──『映画ラストマン -FIRST LOVE-』に出演することが決まったときの気持ちを教えてください。
まずは、新しいチャレンジができるということをすごくうれしく思いました。もちろん心配もありましたが、ワクワクのほうが大きかったですね。いざ撮影現場に入ったら不安はすぐに消えて、この映画に出ることを決めてよかったと思いました。今回の映画は母国語で演技をするわけではないので、自分以外の相手のセリフもあらかじめ覚えたうえで、リアクションをある程度計算しておく必要がありました。でも、このやり方には最後までなかなか慣れませんでしたね(笑)。ただ、撮影が進めば進むほど、そういった慣れないこともカバーできるくらい、現場の雰囲気がわかるようになっていったのはうれしかったです。

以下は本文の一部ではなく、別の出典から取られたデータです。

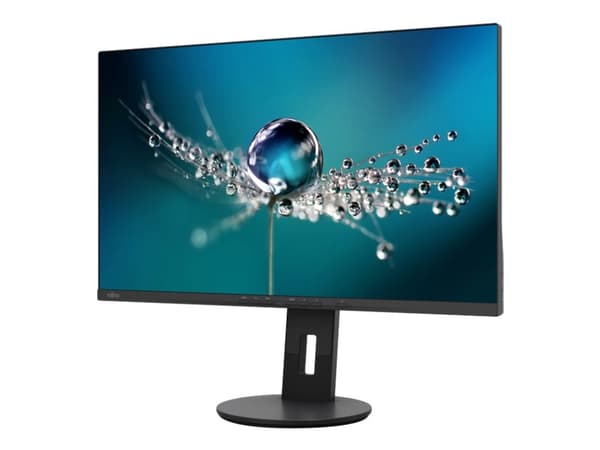 Fujitsu B2711 TS QHD - LED-skjerm - 27" - 2560 x 1440 QHD - IPS - 350 cd/m² - 1000:1 - 5 ms - HDMI, DVI, DisplayPort - høyttalere - atlasksort Sort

──今回演じたクライド・ユンはどんな人物ですか?自身と似ているところはありますか?
まず、僕は演じる役柄と自分との間に共通点はないと考えるようにしています。自分との共通点を見つけてしまうと、それにとらわれがちになると思うんです。なので、ユンはアメリカから来た捜査官という設定だから、ほかの登場人物よりも自由とか柔軟とかそういう考え方をする人だろうな、くらいの大枠で捉えつつ、そこから監督といろいろ話し合って、自分の中でユンという人物像を少しずつ固めていきました。僕よりも監督の方がはるかに役柄についてご存知ですし、監督はユンだけでなく、ほかのキャラクターの人となりや関係性も把握していますよね。なので、監督と対話したうえで役を掘り下げるのが一番なんじゃないかなと。その結果、僕が思い描いたユンという人物は、まずはいろんな意味で我が強く、みんなから認められたいと思っている人でした。ただし、一見冷たそうなんだけれど、心の中にはちゃんとやわらかい部分、あたたかさを持っている人なんです。自分の気持ちを表現することにためらいがない、自由な人柄だと思いました。
──初めての日本での映画撮影でしたが、現場の雰囲気はどうでしたか?
僕って初対面の人と親しくなるのに時間が必要なタイプなんです。なので、最初はぎこちなかったんですが、2回目にみんなと顔を合わせたときには、また会えてうれしいという気持ちが芽生えていました。全員が同じ目標に向かって進んでいく現場だったので、撮影も楽しくて。撮影に入る前に「このシーンはどうしよう?」といった真面目な話もしましたし、休み時間にはみんなで冗談を言ったり、ふざけ合ったりしていました。永瀬廉さんからは英語を習いたいと言われたので、lightとrightの発音の違いを教えたこともありました(笑)。
みなさんの優しさがよくわかるエピソードがひとつあります。撮影で函館に行ったのですが、到着した日に出演者のみんなで親睦を深めようということで、福山さんと大泉さんが中心になって夕食の席を設けてくださったんです。福山さんはいろいろなお話をしてくれて僕にも話を振ってくださったり、大泉さんは普段から面白い方なのですが、そのときも面白いことを言ってみんなを笑わせてくれたり、場を盛り上げてくれました。その機会があったおかげで、みなさんとより早く仲良くなれたと思いますね。大泉さんは、僕が先に撮影を終えて出たときに「君が現場にいなくてさびしいよ」とLINEを送ってくれたこともありました。本当に器の大きい人で、尊敬しています。